Here in documentation is described that prodhive.properties file will be created under $PRESTO_HOME/etc/catalog/. I'm assuming that $PRESTO_HOME = /usr/lib/presto, but I also tried to find it under /etc/presto and prodhive.properties was not there as well.
Is it possible somehow to connect Presto to DataProc Metastore in a more convenient way, by avoiding hardcode it with init scripts?
Solved! Go to Solution.
What I could suggest is to create an issue in GCPs public issue tracker regarding your request as this might be a potential bug. Please keep in mind that when you create an issue, it still needs to be analyzed and considered by the product team and a definite ETA is not guaranteed.
Can you provide the actual command you used to create the cluster with presto? And also the command you attempted to include --parameters.
First try was with terraform, and after that this command since I was not sure does terraform parsing correctly properties parameter.

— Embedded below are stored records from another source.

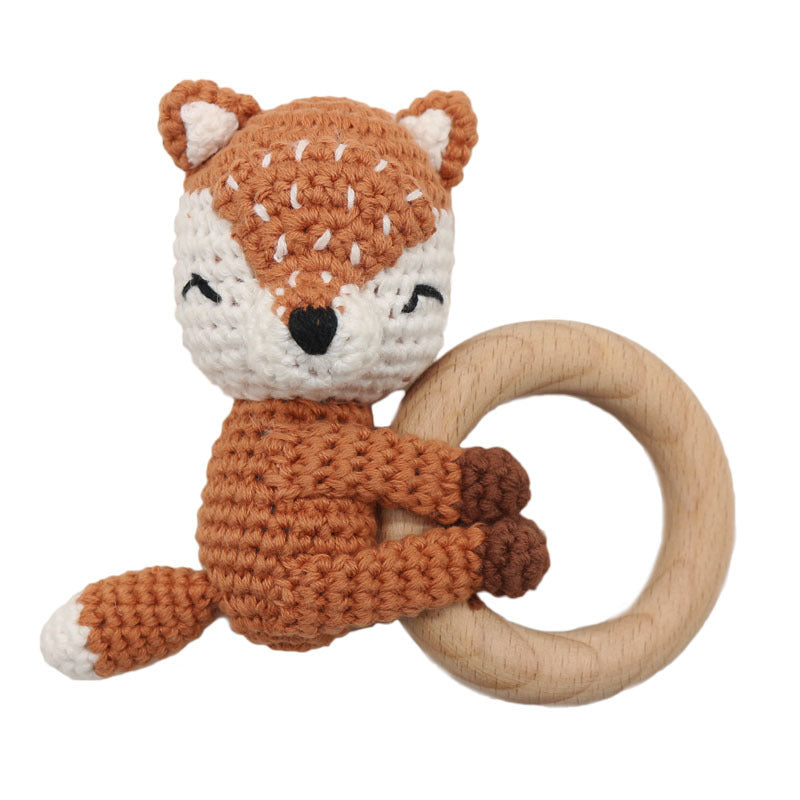 Baby Molar Teether with Crochet Fox and Elk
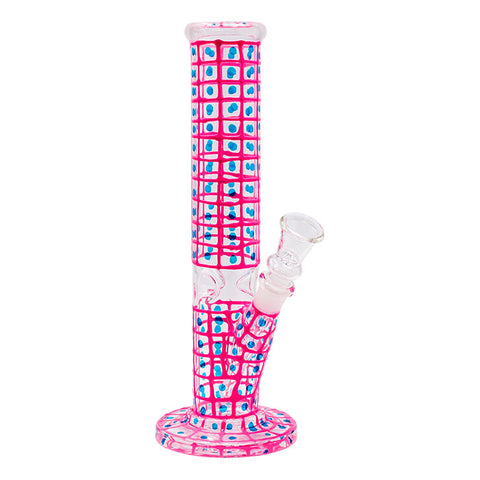 Pink Detailed Hand Painted 10 Inches Glass Bong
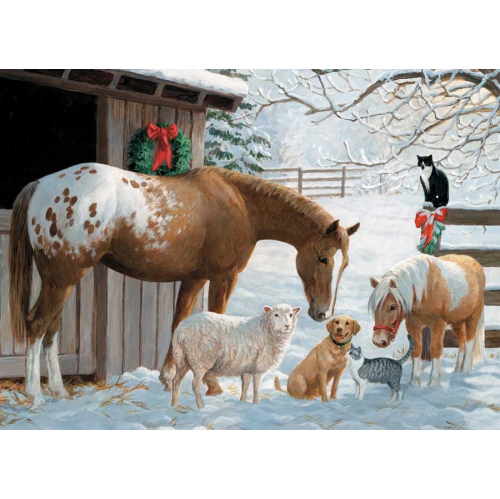 COBBLE HILL PUZZLE  Cobble Hill - 54604 | Winter Barnyard (350 Piece Family Puzzle)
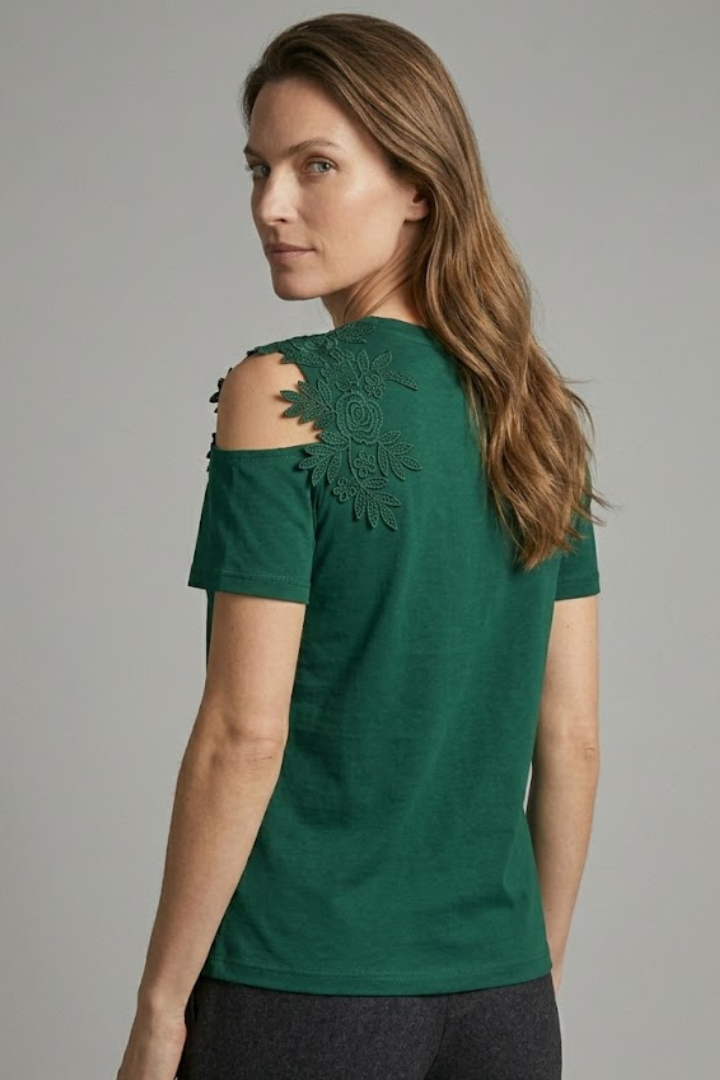 Women’s T-Shirt with Floral Embroidery on the Shoulder
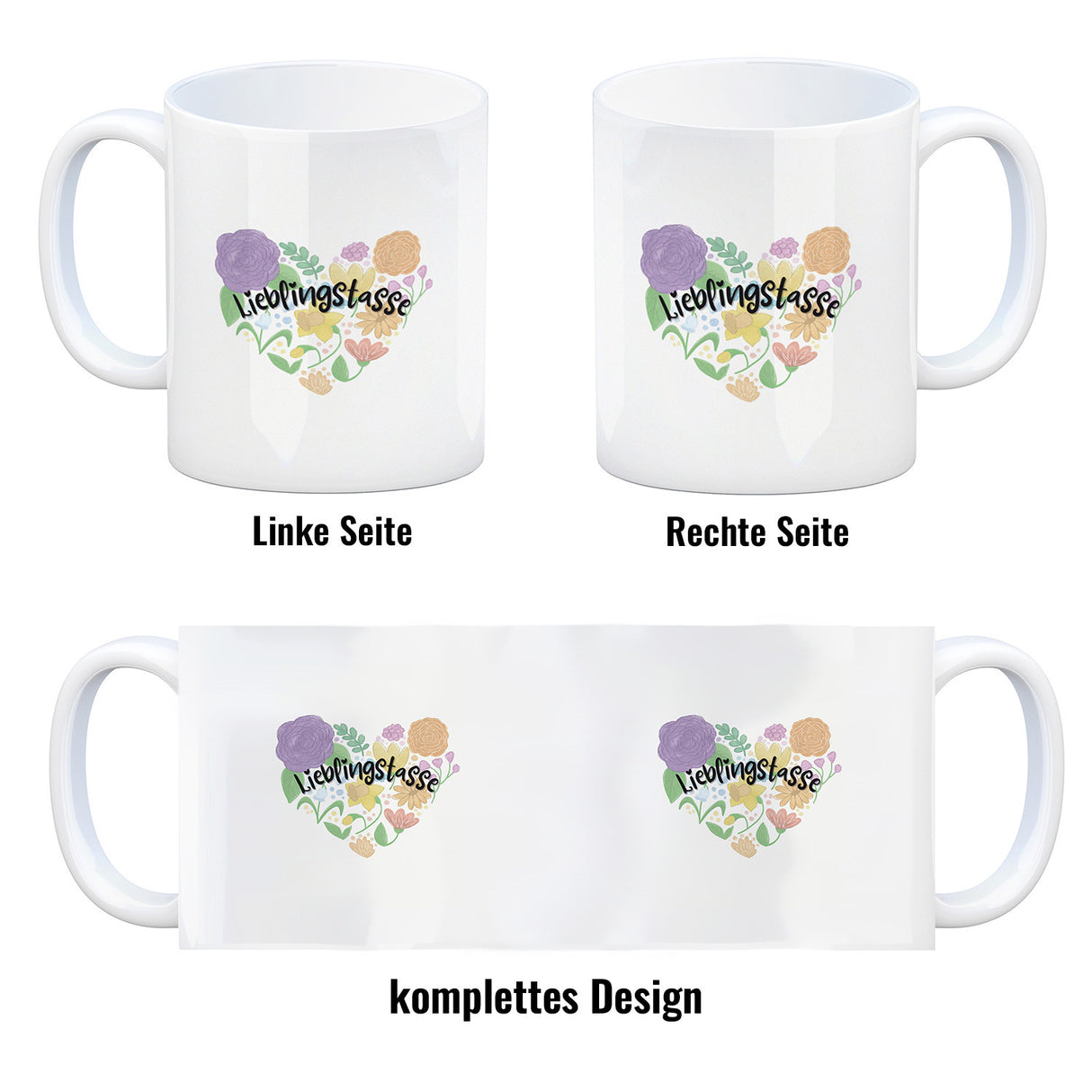 Lieblingstasse Kaffeebecher mit Blumen in Herzform
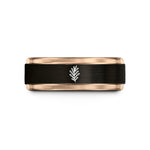 his and hers bands – black & rose gold tungsten rosemary sprig wedding band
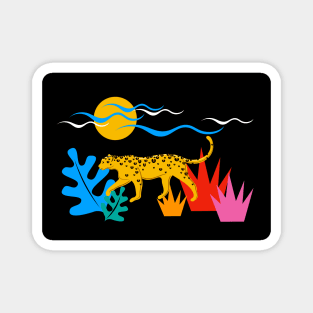 Walking Leopard Illustration ( black background ) Magnet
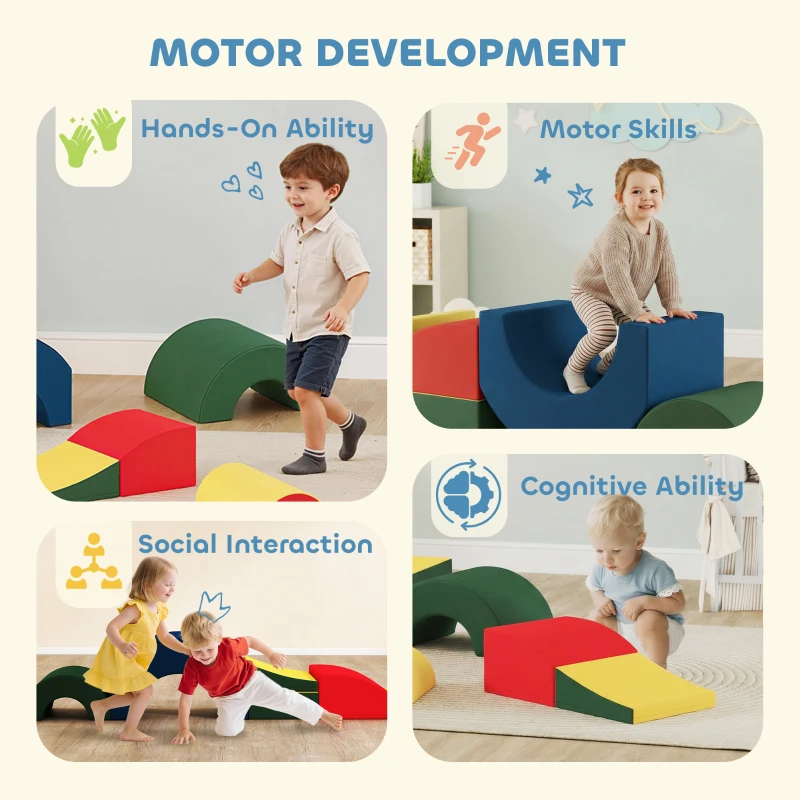 AIYAPLAY Baby-Motorikmodul 6PCS Motorikparcours aus EVA-Schaum für Vorschulkinder, mehrfarbig
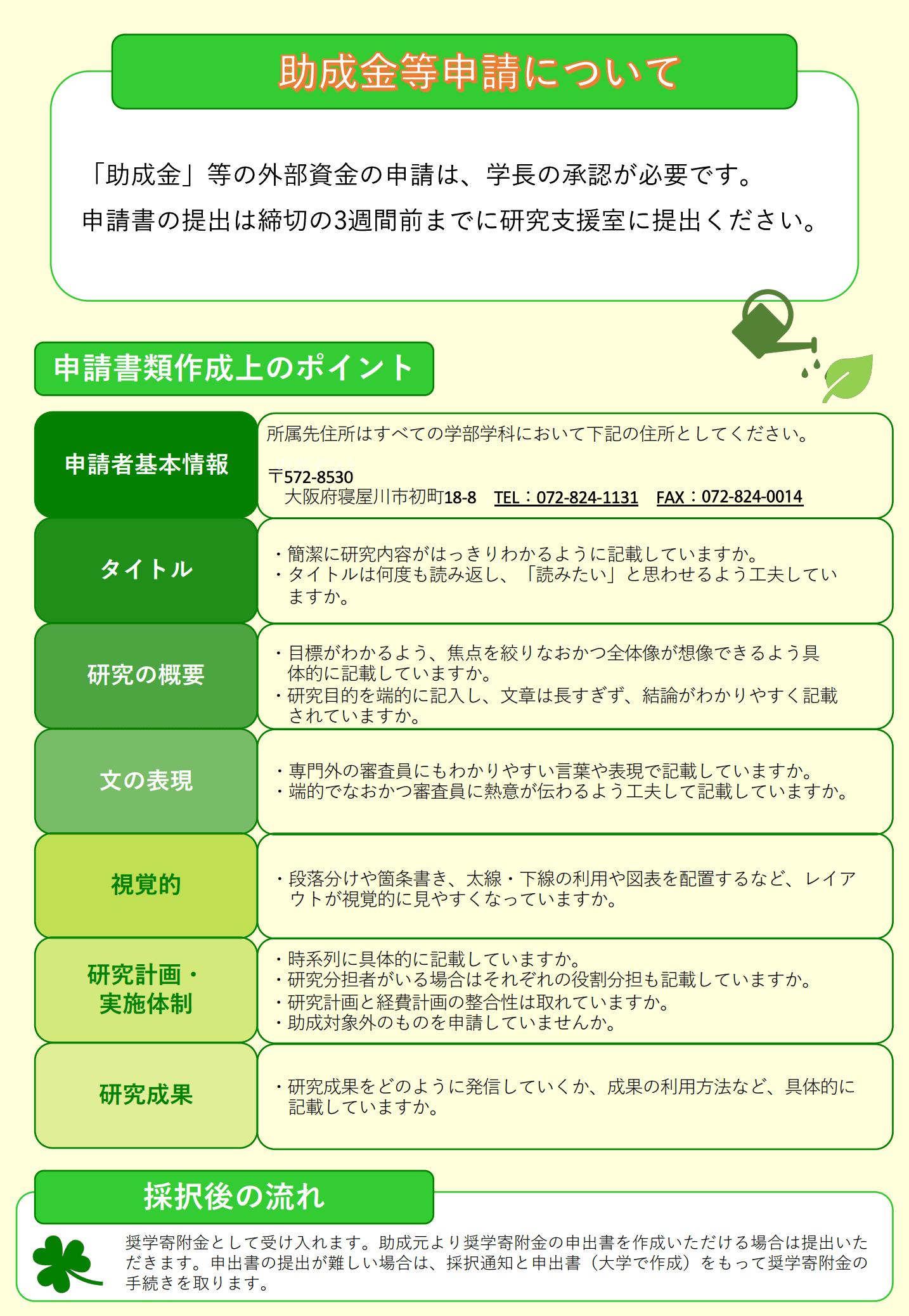 申請書類作成上のポイント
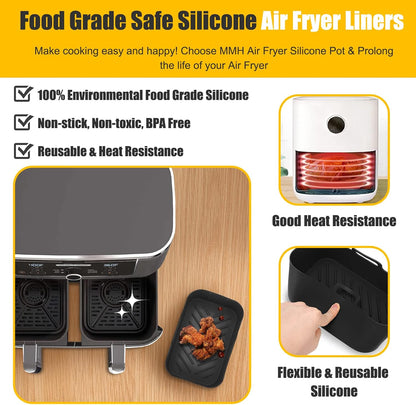 2Pcs Air Fryer Silicone Liners Rectangular for Ninja Foodi Dual DZ201 8QT | DZ090 6QT/Ninja DoubleStack SL201 8QT, MMH Reusable Airfryer Pot Baking Basket | Non-stick | Easy Cleaning | Food Safe | Gray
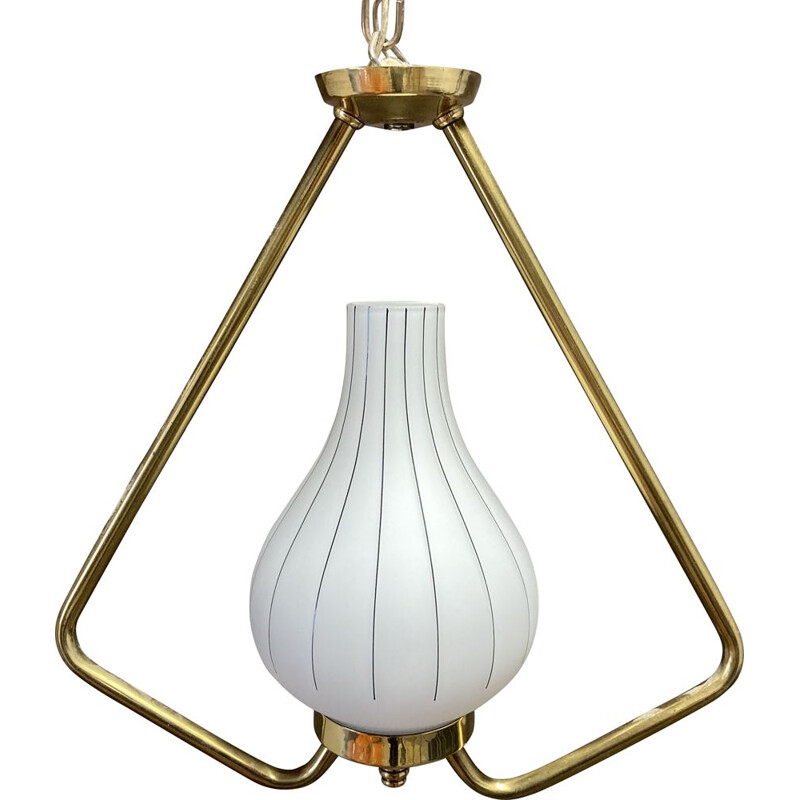 Vintage metal and opaline hanging lamp, Scandinavian 1950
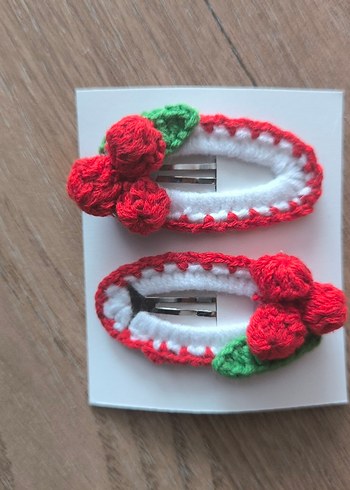 Örgü Pembe Çocuk Toka Seti ikili takım - Görsel 3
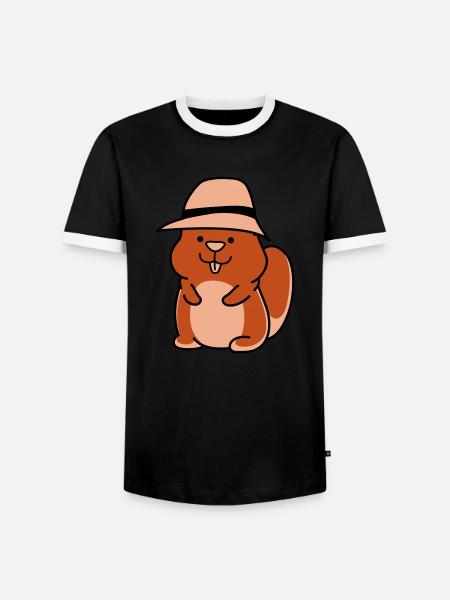 Hamster drôle - T-shirt contrasté Homme - noir/blanc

Command is almost the same like that one from the url in the first post, just added networking parameters, since I don't have default vpc.
Here it is:
gcloud beta dataproc clusters create dev-with-presto \
--project=my-project-dev-123456 \
--subnet europe-west1-private \
--tags dev-with-presto \
--region=europe-west1 \
--num-workers=2 \
--scopes=cloud-platform \
--optional-components=PRESTO \
--image-version=2.0.51-debian10 \
--enable-component-gateway \
--properties=presto-catalog:prodhive.connector.name=hive,presto-catalog:prodhive.hive.metastore.uri=thrift://10.167.64.19:9083
Also I tried with and without this argument
--dataproc-metastore=projects/${PROJECT_ID}/locations/europe-west1/services/demo-service
Also beside using CLI, I tried in many ways to deploy it with Terraform using google-beta provider.
What I could suggest is to create an issue in GCPs public issue tracker regarding your request as this might be a potential bug. Please keep in mind that when you create an issue, it still needs to be analyzed and considered by the product team and a definite ETA is not guaranteed.